Exercise instructions
Reproduce all the lines below exactly and omit the images.

═════ Information provided

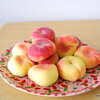 ドーナッツのような形をした平べったい桃、ドーナッツピーチ（蟠桃）は甘くて瑞々しくて美味しい！
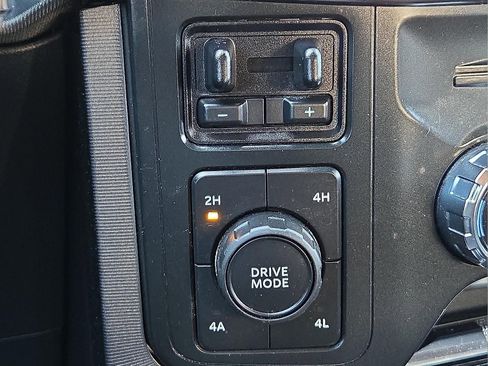 Used 2022 Ford F150 Platinum w/ Equipment Group 701A High image 18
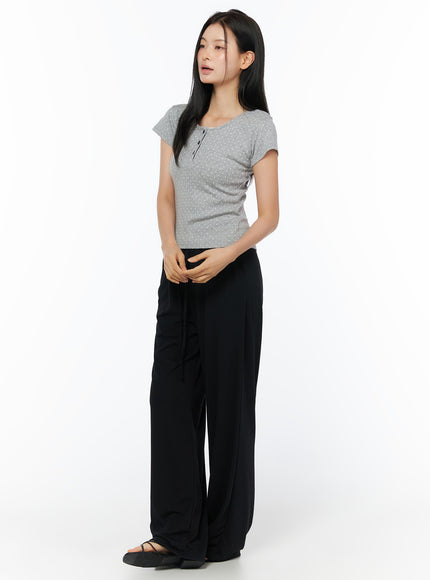 polka-dot-lace-trim-henley-tee-iu519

══════════

Exercise output
 ドーナッツのような形をした平べったい桃、ドーナッツピーチ（蟠桃）は甘くて瑞々しくて美味しい！
 Used 2022 Ford F150 Platinum w/ Equipment Group 701A High image 18
 polka-dot-lace-trim-henley-tee-iu519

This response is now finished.